Well bonding started on december 1. and it's still on. I pasted december 3. because i noticed it then but i found the same commands on both days.
-
Ok sorry for reopening my old post but my bond problem (which dissaperaared after a while) just came back and i hade to reboot my server twice today.
-
Ok sorry for reopening my old post but my bond problem (which dissaperaared after a while) just came back and i hade to reboot my server twice today.
Bug 2130 (http://bugs.contribs.org/show_bug.cgi?id=2130)
-
Yes this is my bug post. And i didn't get any reply. And it's hard to live with this problem if your internet connection dies twice a day.
-
bpivk
> And i didn't get any reply.
You did get replies and you were asked to provide full details, which you have not done.
Charlie wants log entries pertinent to the problem you see and entries/information that show it is a bond0 problem. Do you get any error messages ? If so quote these exactly, and also give log file entries from the times those errors occurred.
Start with looking in the /var/log/messages file and also look in others for relevant info.
Quoting:
"Please provide full details of the kernel panic, including exactly when it
occurs. What tells you that it is bond0 which causes the kernel panic?"
-
Well i did search my logs and i didn't find any references to my problem. Some of the logs are posted above (on page 1) and some of the errors (including those that i had today) aren't even loged. Or i can't find them.
-
bpivk
> Some of the logs are posted above (on page 1)
You should post those log entries to the bug tracker (as an attachment). Make it easy for the developers so they don't need to waste time finding & reading forum posts.
> ..some of the errors (including those that i had today) aren't even loged.
You should at least quote the error messages verbatim including the ones you received today (in bugzilla, not here).
If you can't find log entries or don't know where to look, then say so or ask in bugzilla (not here).

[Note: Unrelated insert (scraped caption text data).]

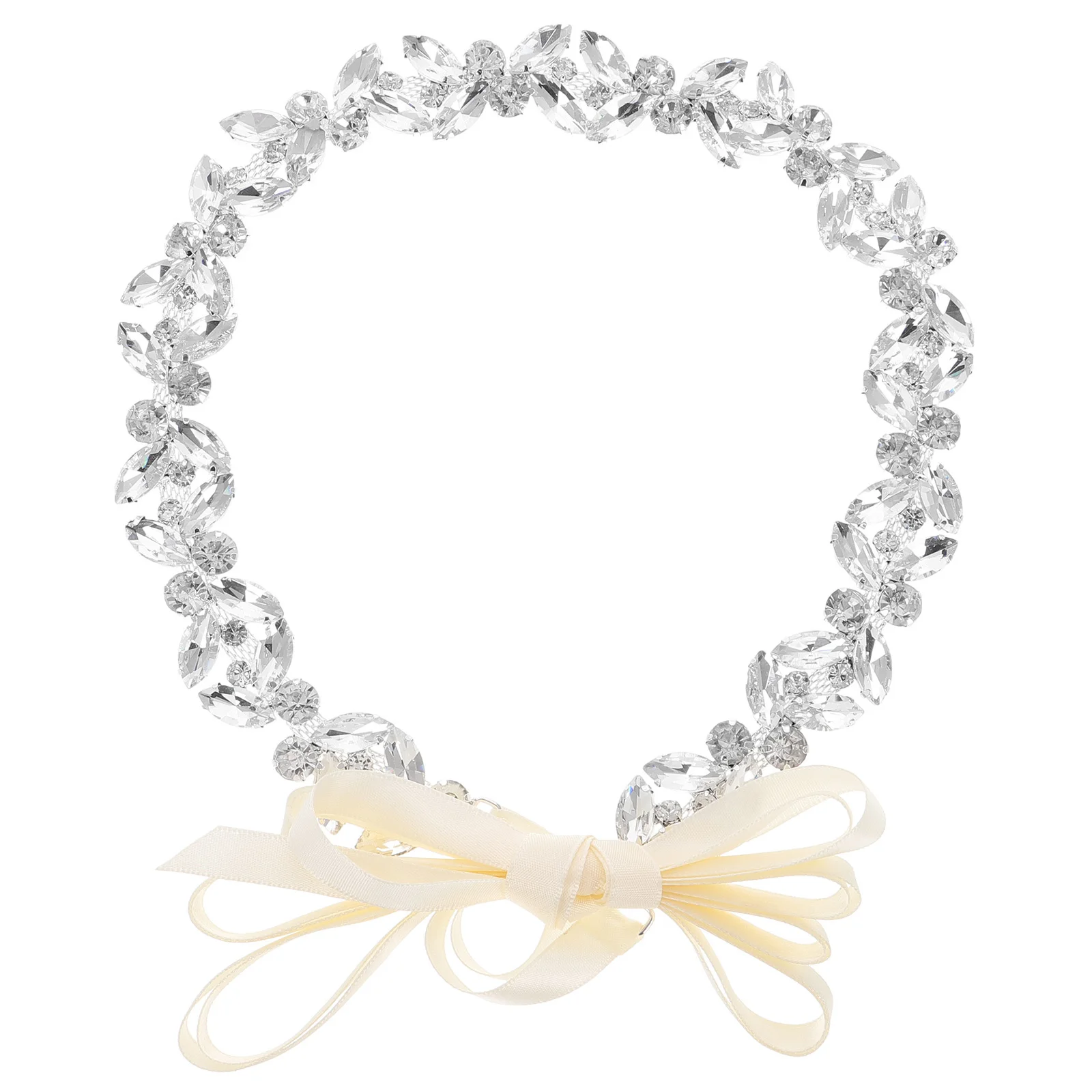 Rhinestone Wedding Belt Satin Ribbon 270Cm Long Bridal Belt for Wedding Dress Formal Gown Sparkling Rhinestone Applique Bridal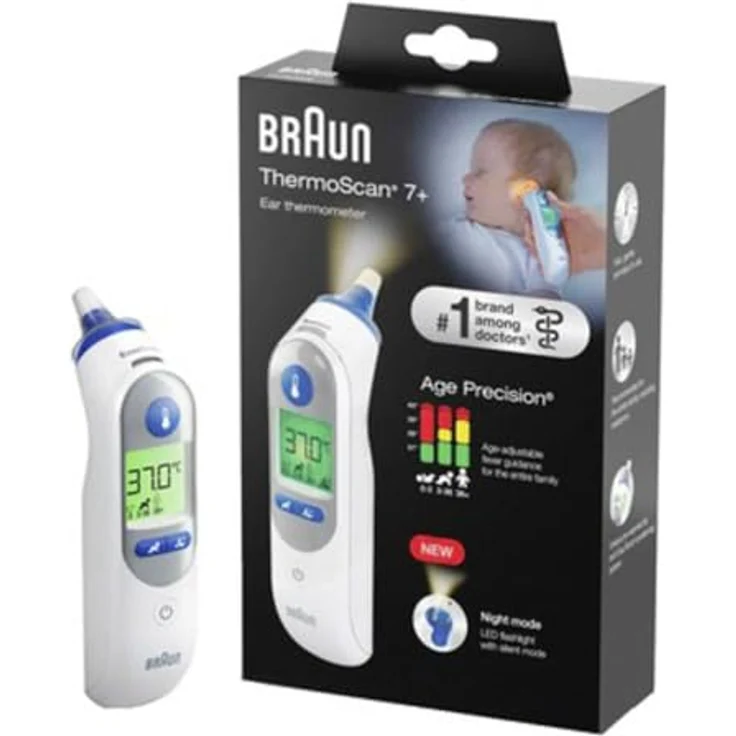 Braun ThermoScan 7+ mit Age Precision und Nachtmodus – Bild 2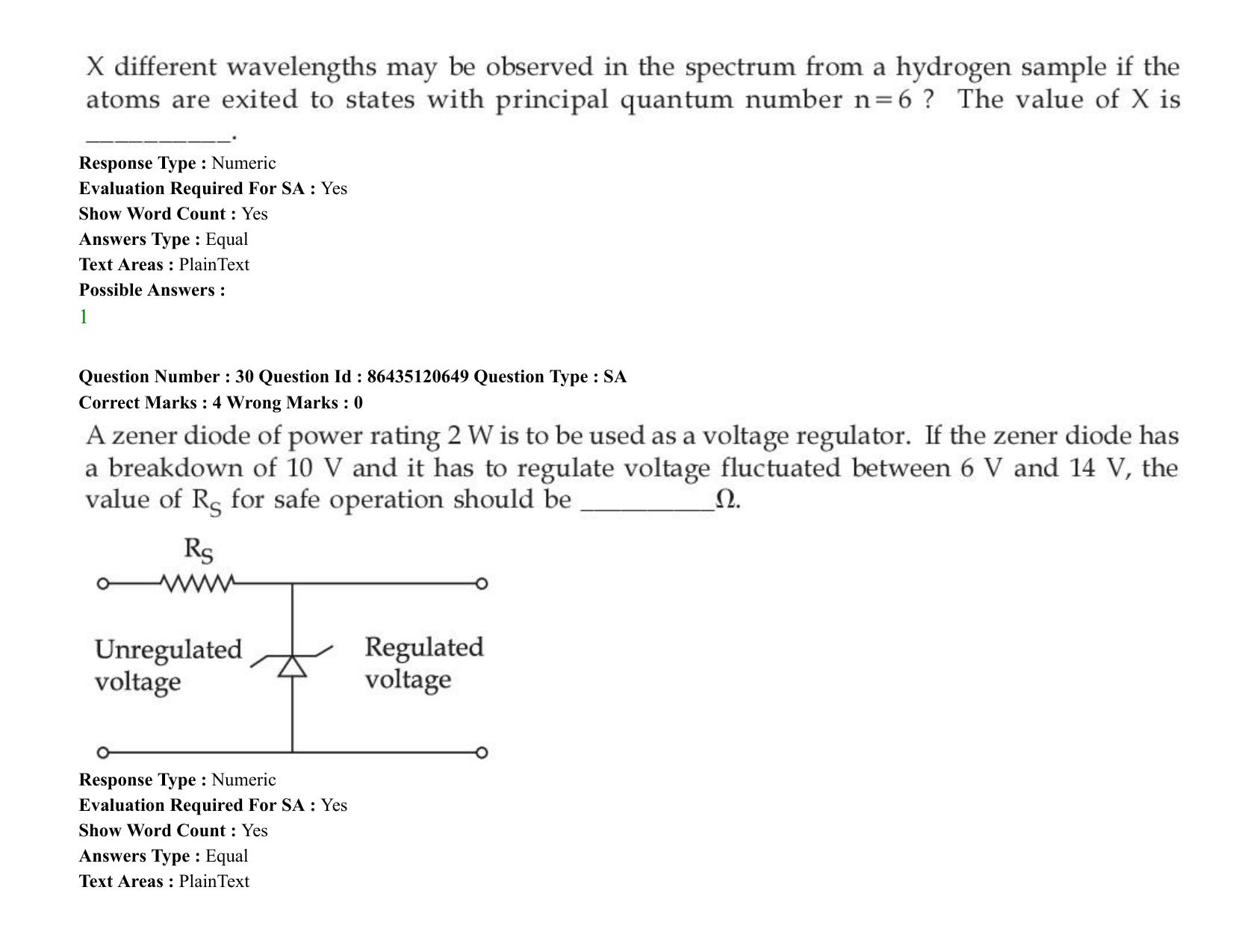 JEE Mains 2021: BTech (Shift 2) 27-08-2021 Question Paper - Page 23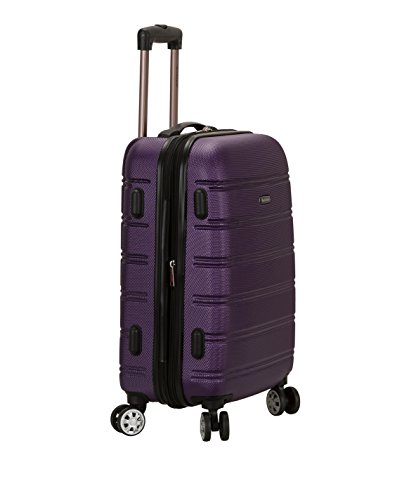 Rockland Melbourne Hardside Expandable Spinner Wheel Luggage, Purple, 3-Piece Set (20/24/28)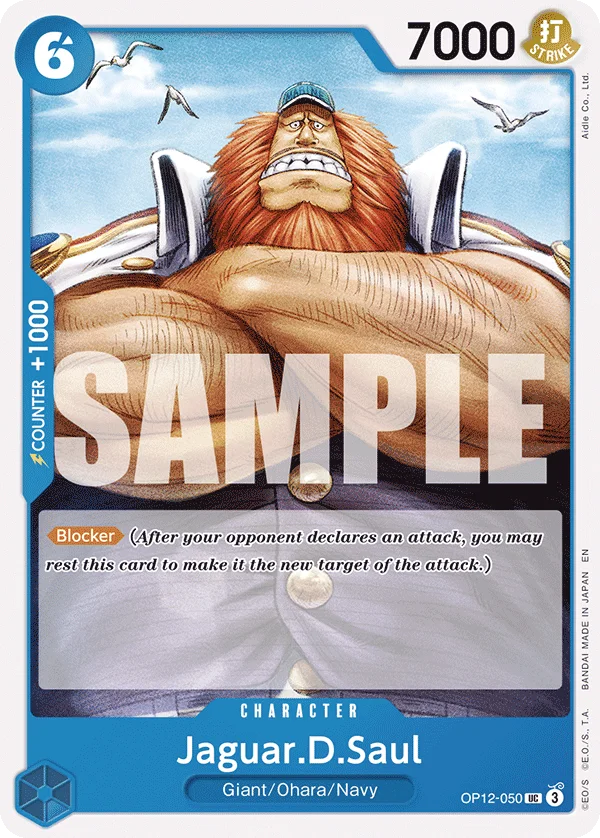 Jaguar.D.Saul OP12-050 – One Piece Card Game Character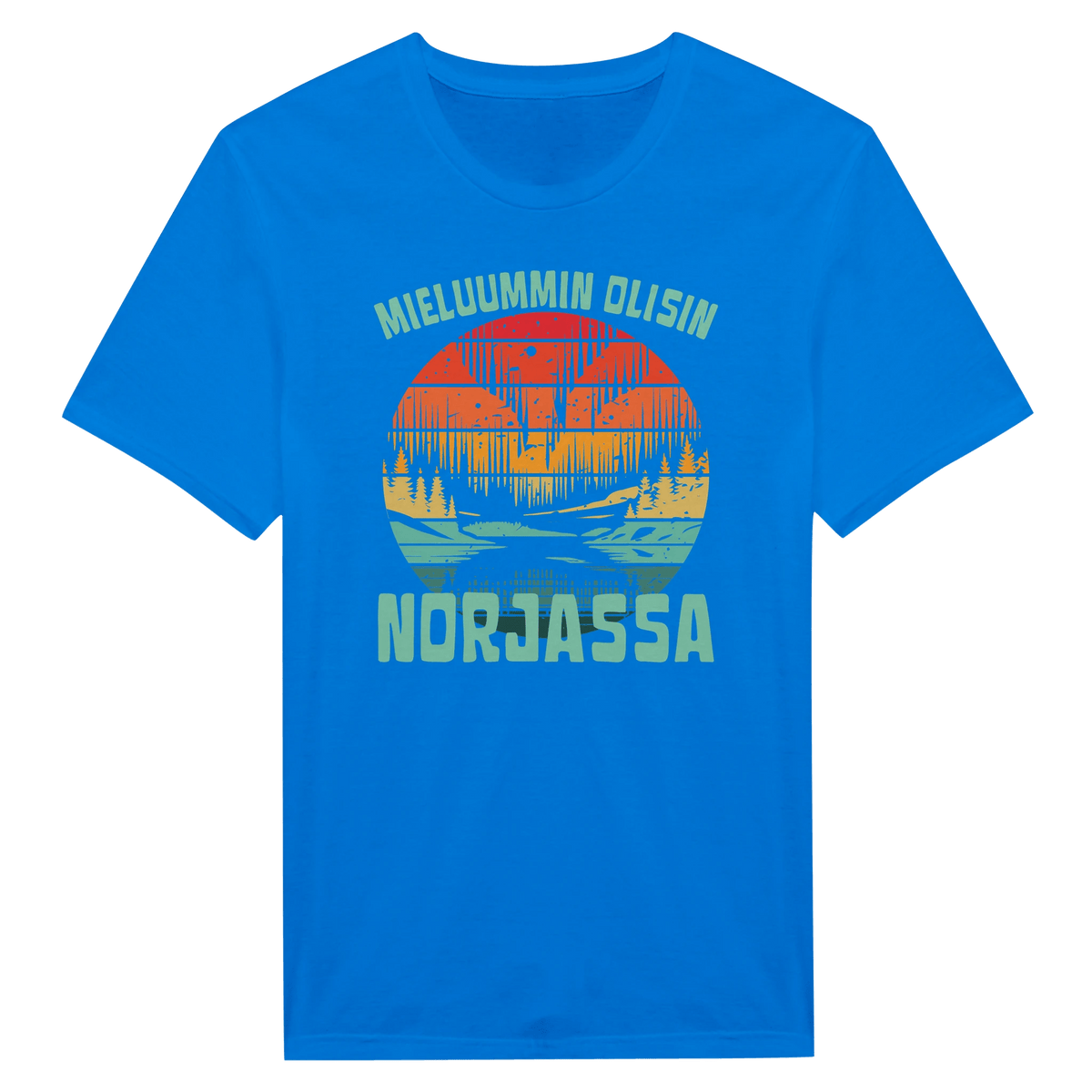 Mieluummin Olisin Norjassa - Miesten T - paita - Mun Paita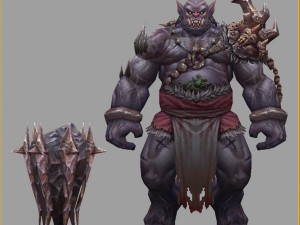 low poly 3d monster - splitter 3D 모델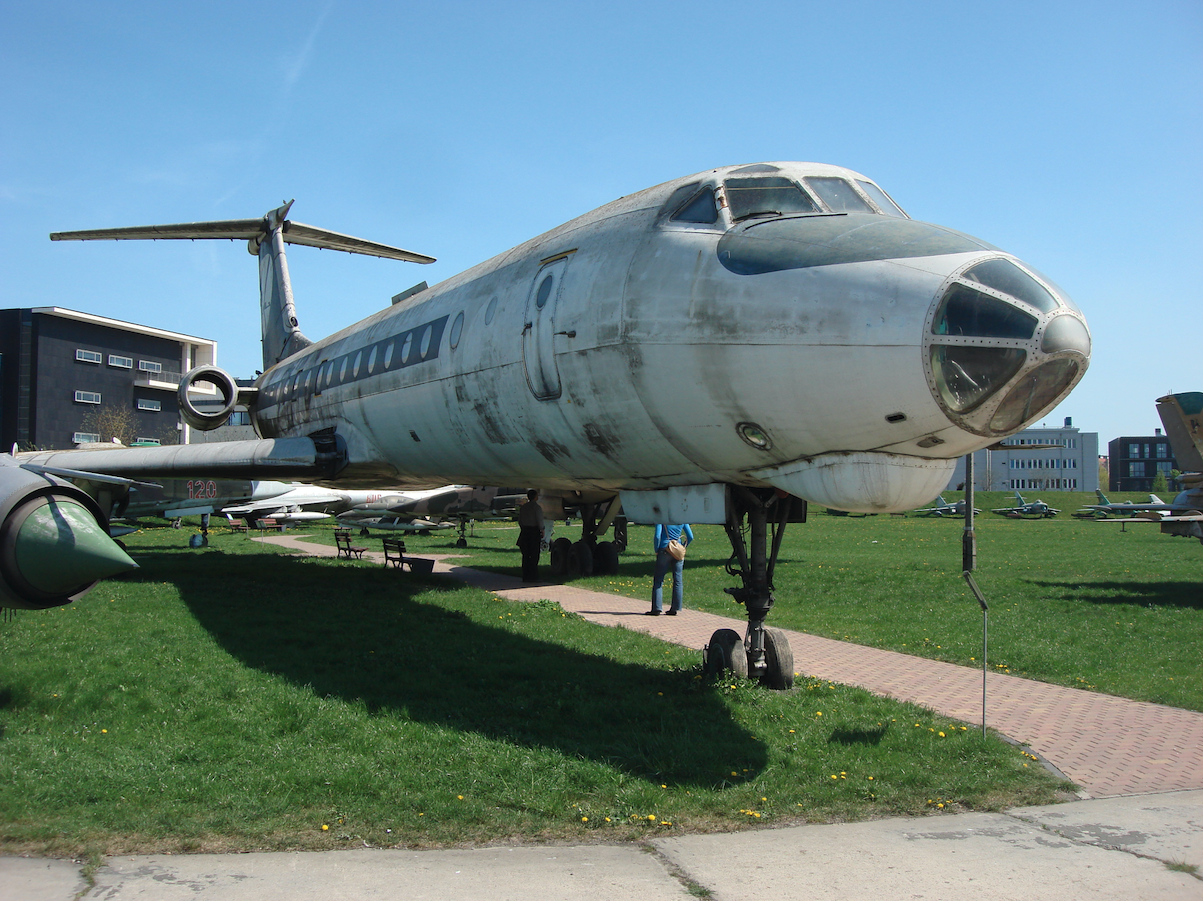 Tu-134 A SP-LHB w Muzeum Lotnictwa Polskiego w Krakowie. 2009 rok. Zdjęcie Karol Placha Hetman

The developers will guide you re the information to provide, but you must be willing to follow up your original complaint with supporting information.
You can't just say "no one answered me" when you have provided very little information, and not followed up on requested information.
The developers are waiting for your follow up information before they will answer further.
I believe it is standard policy that developers don't waste their time on bug reports that have no follow up feedback provided.
-
Did you check the bugtracker lately?
-I didn't reply because i had problems with my modem.
-I posted two logs (i have mentioned and posted a link to my logs in one of my first posts but if you want it posted then ok).
-I can find the messages that are logged, but some of them aren't.
You can't just say "no one answered me"
Can you quote me on this statement? I didn't get a reply like i don't like links. I did what you told me as soon as i fixed my modem.